RS: The six weeks of just not hitting a serve just has me doubting it, thus hurting my game a lot, because I base my whole game on my serve. I think on Monday I threw in 11 double faults, where if I had cut those down I think the match would have been completely different. I felt the need to press on my ground strokes and kind of play like I did at the beginning of the NCAAs where I pressed on shots I shouldn't have because I felt my serve wasn't going to come through. I went out [Monday] night, hit probably 100-150 serves, kind of feel it out again. It's a cut back -- I think I had 17 in one of the summer tournaments.
Still, it's a setback. In Costa Mesa I had worked on it every day after every match. But coming out here, not playing in a month, I definitely doubted my serve a lot, and that kills me whereas 4-5 months ago, I had complete faith in my serve, and that makes the biggest difference.
OTR: How do you see the Hoos' season shaping up this year?
RS: I mean, we have the same team except for one guy, so...
OTR: Kind of a big guy, though. [Last year's senior captain Mitchell Frank.]
RS: Yeah, I mean, honestly Frank has done a lot for us. But every single guy coming back and being in the position that we've been in last year ... we have a lot of veterans, guys who have been in pretty much every situation, and someone will definitely step up and hopefully take Frank's place. I know they're big shoes to fill, but we definitely have 10 guys who can all play for us so I think, we're putting in a lot of work, we're still bonding as a team, so I think hopefully we'll have a great season.
OTR: [Asks about the UVA spring line-up]
RS: We have so many players, anyone can play anywhere. I honestly can't say what the line-up will be right now because everyone's playing really well.
OTR: How's your brother [former UVA teammate Justin Shane] doing?
RS: He's good. He semi'd a few futures, he's been playing a decent amount, but he's been hurt throughout the year. He's been working really hard, he's got a fitness coach back home [in Northern Virginia]. He's working with him a lot, especially when he's not playing tennis. If he hurts his lower body, he keeps him in shape with his upper body.

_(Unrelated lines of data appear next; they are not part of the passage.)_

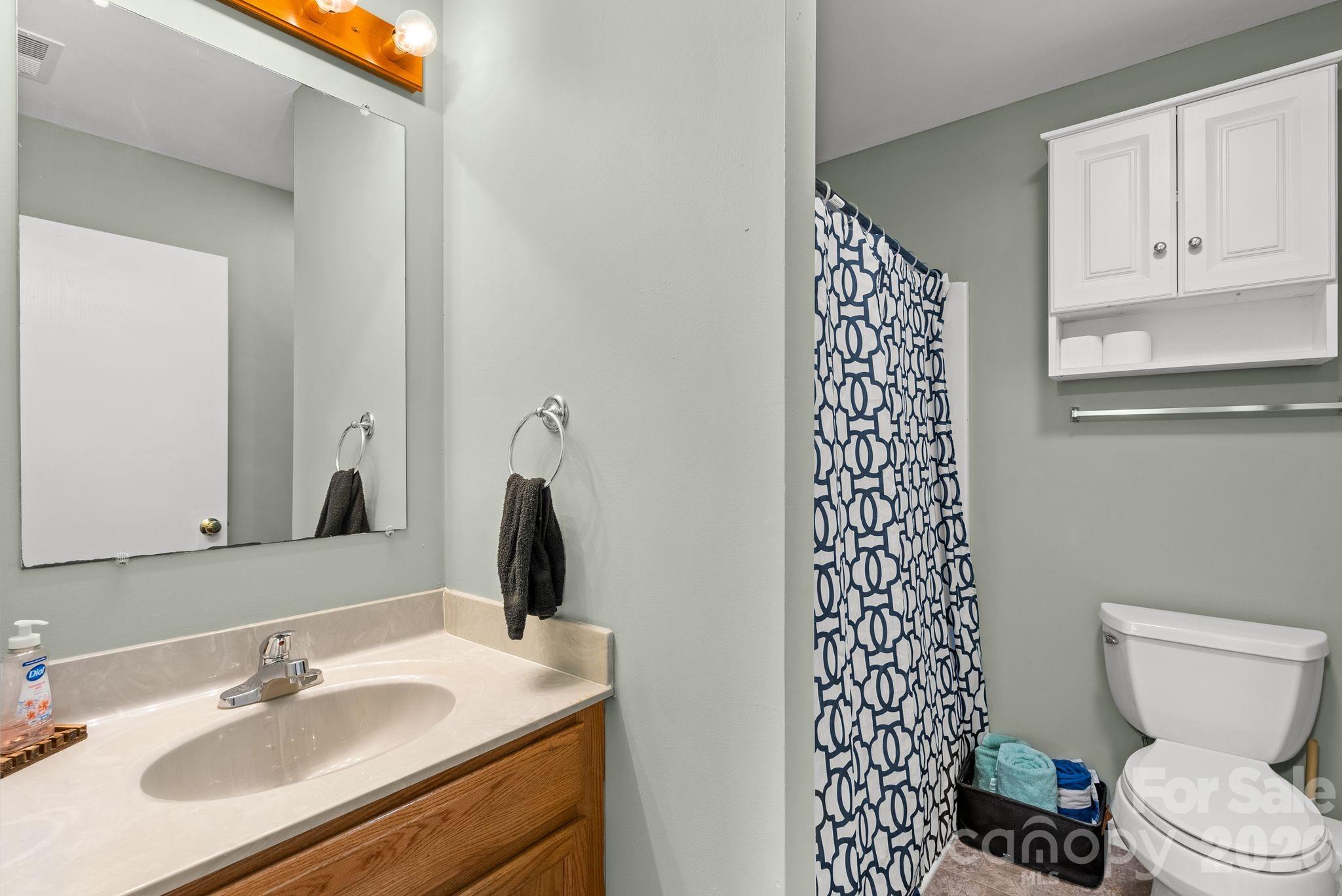 Upstair Hall Bath - 842 Grouse Road, Clyde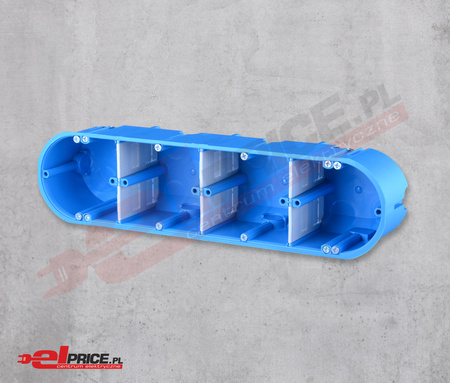 Simet p4x60d puszka elektryczna głęboka podtynkowa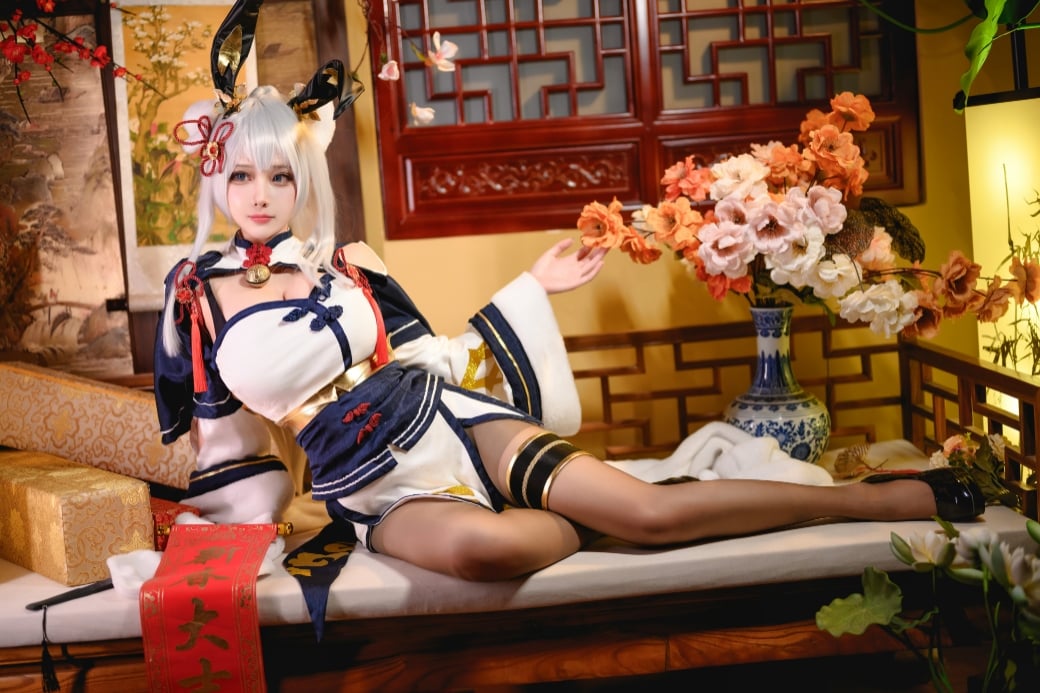 Rinako-chan – Qipao Rabbit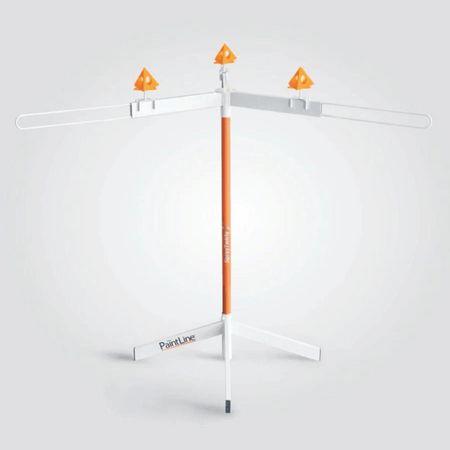 Spray Twirly Rotating Paint Stand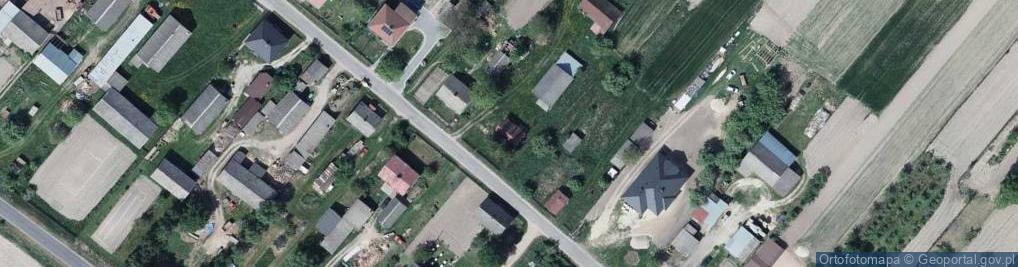 Zdjęcie satelitarne Klonownica Duża ul.
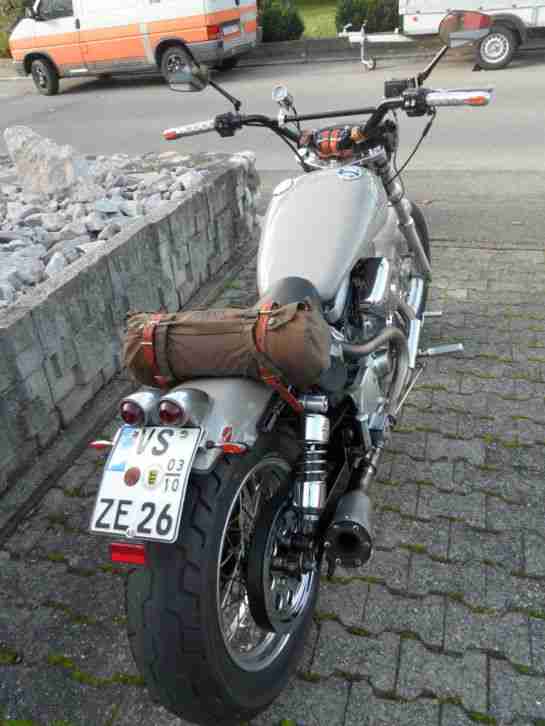 Harley Davidson Sportster 1200 mit Buell Motor und Komplettumbau, Inzahlungnahme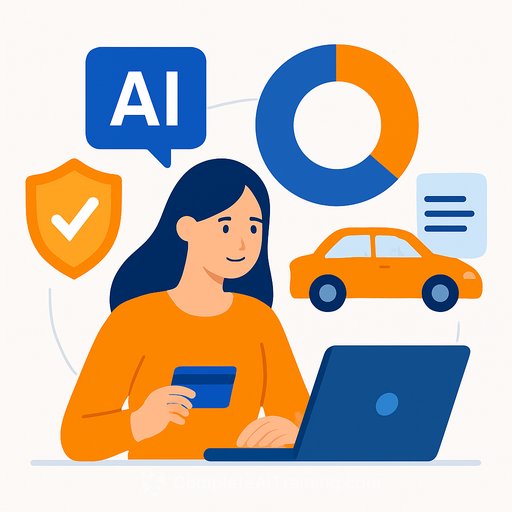 42% of AI shoppers buy an auto insurance policy, JD Power finds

Right now he hurt his finger in Canada -- I think his teammate hit his finger when they were playing doubles. So he has, I think they call it trigger finger. He can only hit backhand slices, but he still hits twice a day, hitting backhand slices. He's working really hard. I think if he can get healthy and play a full schedule, he can do well.
OTR: You think we can see him on the Challenger circuit?
RS: Oh, for sure. Over the summer [at the Champaign Futures] he semi'd a future and he was dominating the semis and he snapped his knee ... I'm not sure what happened, where he couldn't bend it and had to pull out. He was up a set and I think 4-1. He tried to play it out but obviously he went down 6-4 [actually 7-5], he couldn't move.
He's one of the best ball-strikers I've ever hit with. I'm not saying that because he's my brother. Other than myself I don't think I've hit against someone who hits the ball that hard. He just takes my ball and just rips it back at me. I don't experience that very often. If he can get healthy, he's going to be a force to play.